WORK TO COMPLETE
Write out the lines of the material below exactly, beginning at the line with "This brings us" and stopping after the line with "So let's come", and leave out the pictures.

PROVIDED INFORMATION
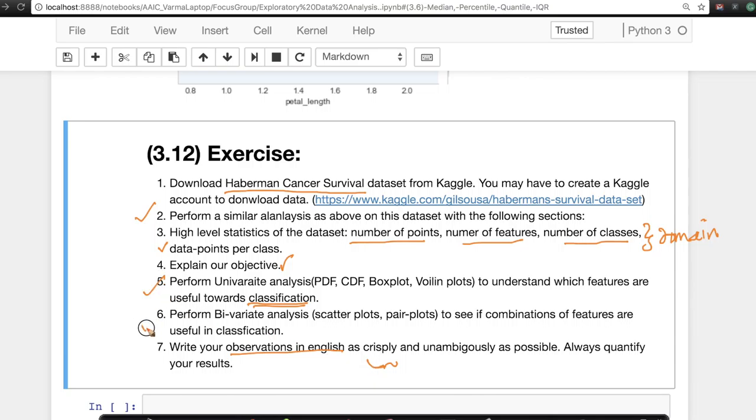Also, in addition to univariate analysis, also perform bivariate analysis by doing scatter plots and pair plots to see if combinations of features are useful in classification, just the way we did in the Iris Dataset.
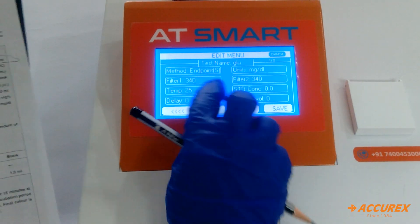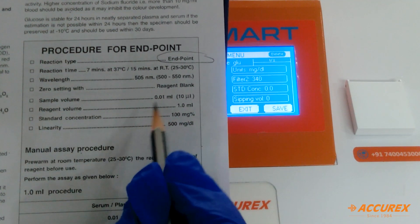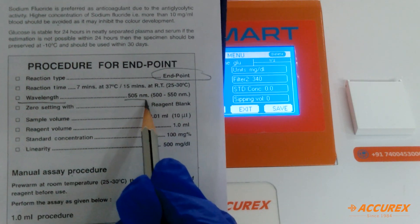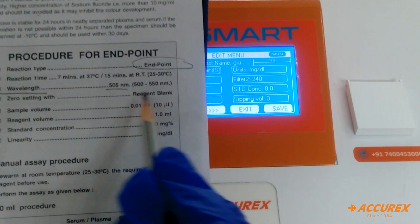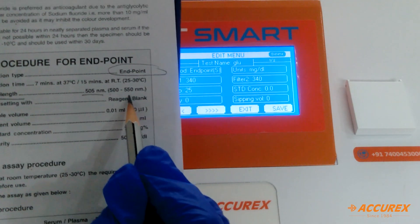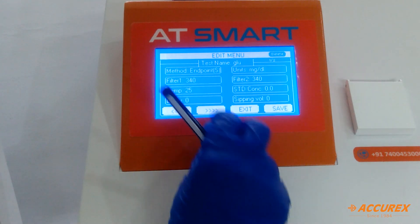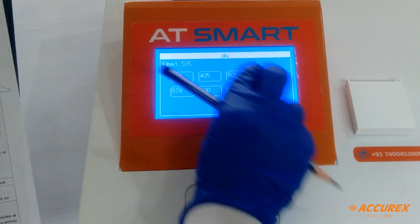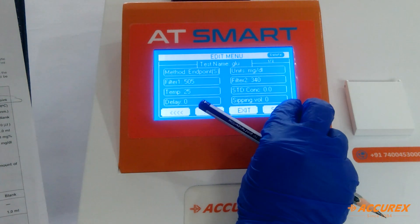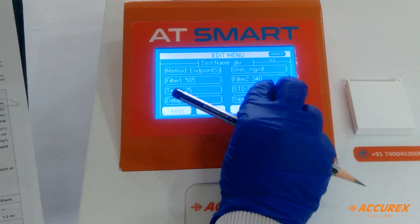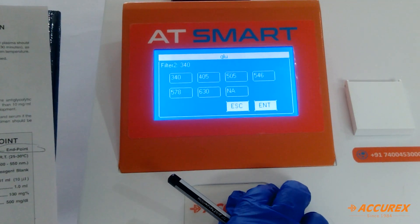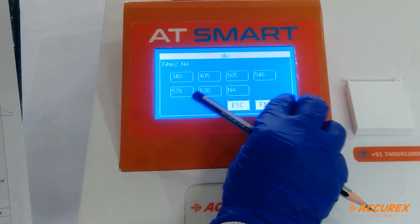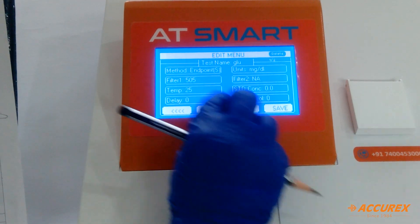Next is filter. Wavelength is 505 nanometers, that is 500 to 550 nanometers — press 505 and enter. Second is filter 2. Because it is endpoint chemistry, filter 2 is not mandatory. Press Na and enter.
* * *
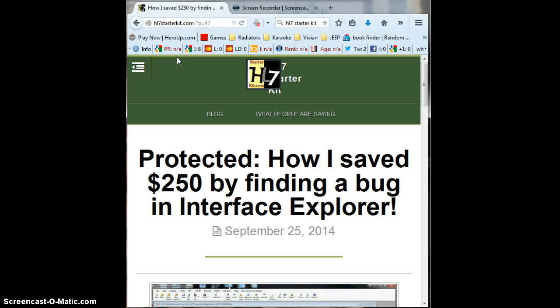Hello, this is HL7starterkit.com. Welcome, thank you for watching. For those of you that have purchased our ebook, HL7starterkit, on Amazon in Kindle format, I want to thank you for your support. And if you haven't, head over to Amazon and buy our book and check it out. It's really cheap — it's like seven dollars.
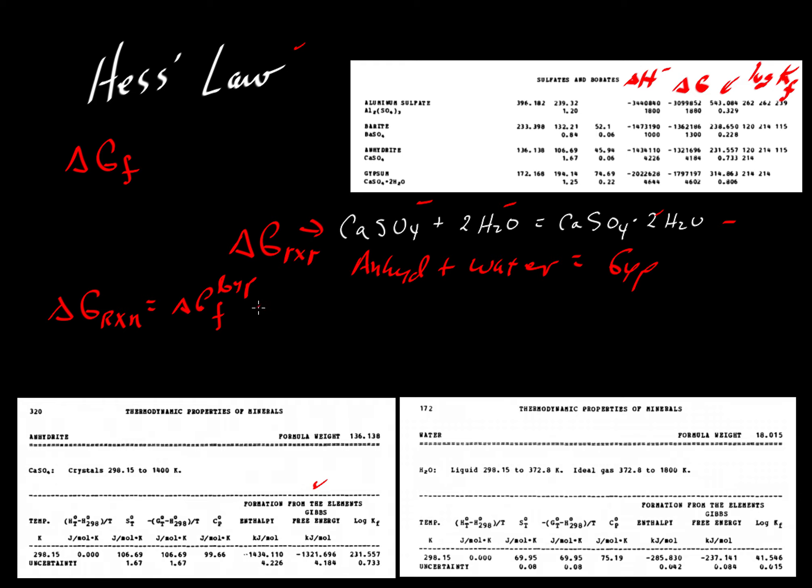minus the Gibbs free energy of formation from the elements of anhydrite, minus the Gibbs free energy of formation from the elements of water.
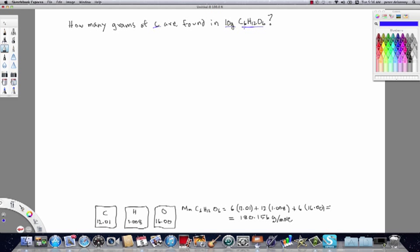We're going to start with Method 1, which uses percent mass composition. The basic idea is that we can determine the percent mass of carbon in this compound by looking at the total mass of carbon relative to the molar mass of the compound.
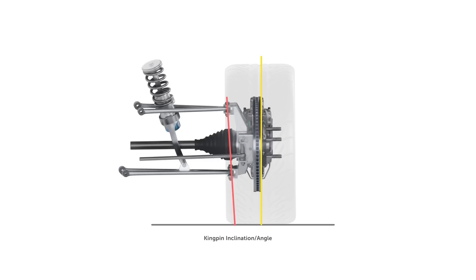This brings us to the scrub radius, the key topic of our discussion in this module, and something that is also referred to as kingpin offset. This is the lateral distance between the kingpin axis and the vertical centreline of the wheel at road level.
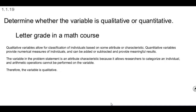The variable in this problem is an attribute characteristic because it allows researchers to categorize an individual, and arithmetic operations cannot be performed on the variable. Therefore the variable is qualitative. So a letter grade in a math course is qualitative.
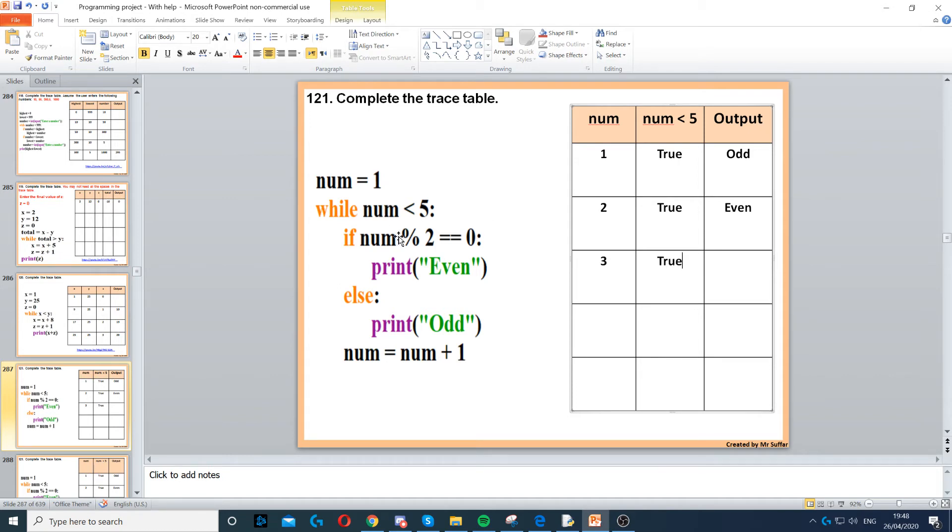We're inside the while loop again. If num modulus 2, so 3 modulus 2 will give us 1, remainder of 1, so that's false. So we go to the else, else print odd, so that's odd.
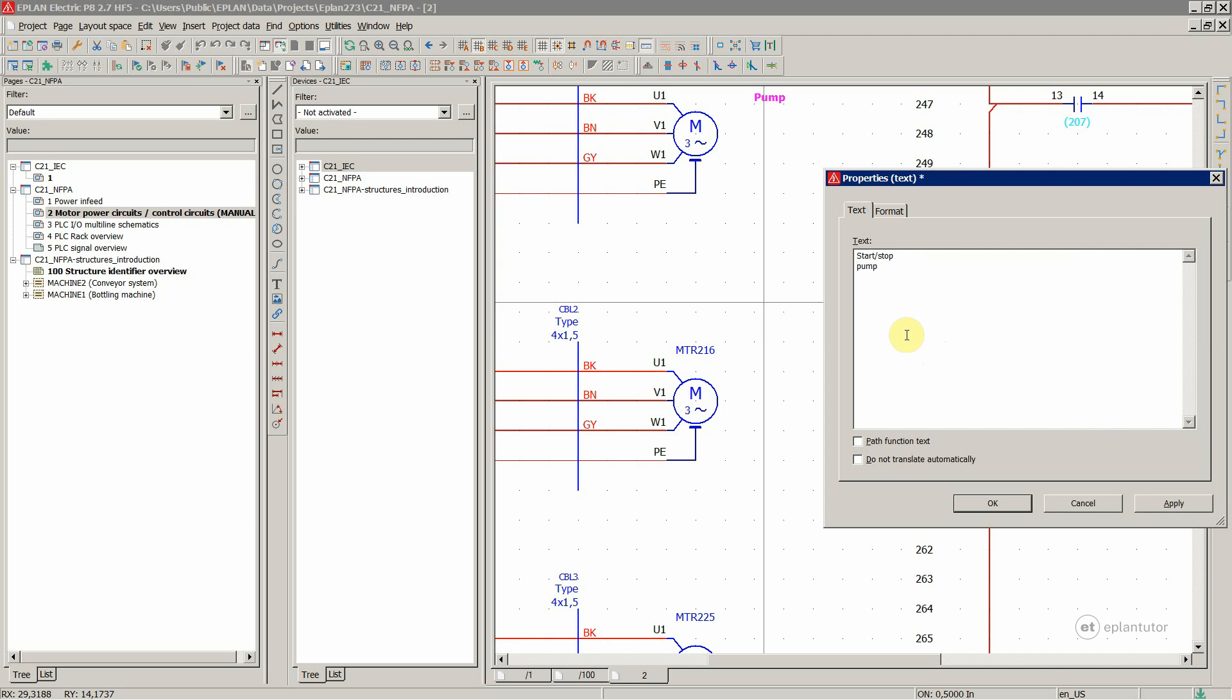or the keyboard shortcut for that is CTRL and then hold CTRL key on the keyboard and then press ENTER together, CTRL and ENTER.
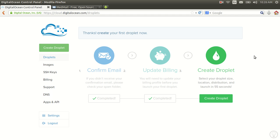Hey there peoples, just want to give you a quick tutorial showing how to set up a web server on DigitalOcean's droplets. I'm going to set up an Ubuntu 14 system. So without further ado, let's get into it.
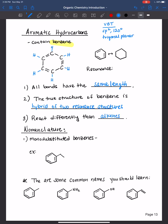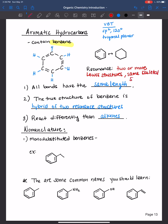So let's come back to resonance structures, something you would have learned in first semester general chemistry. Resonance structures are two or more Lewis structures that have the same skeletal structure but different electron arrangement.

ANSWER SECTION
This brings us to the scrub radius, the key topic of our discussion in this module, and something that is also referred to as kingpin offset. This is the lateral distance between the kingpin axis and the vertical centreline of the wheel at road level.
The variable in this problem is an attribute characteristic because it allows researchers to categorize an individual, and arithmetic operations cannot be performed on the variable. Therefore the variable is qualitative. So a letter grade in a math course is qualitative.
We're inside the while loop again. If num modulus 2, so 3 modulus 2 will give us 1, remainder of 1, so that's false. So we go to the else, else print odd, so that's odd.
or the keyboard shortcut for that is CTRL and then hold CTRL key on the keyboard and then press ENTER together, CTRL and ENTER.
Hey there peoples, just want to give you a quick tutorial showing how to set up a web server on DigitalOcean's droplets. I'm going to set up an Ubuntu 14 system. So without further ado, let's get into it.
So let's come back to resonance structures, something you would have learned in first semester general chemistry. Resonance structures are two or more Lewis structures that have the same skeletal structure but different electron arrangement.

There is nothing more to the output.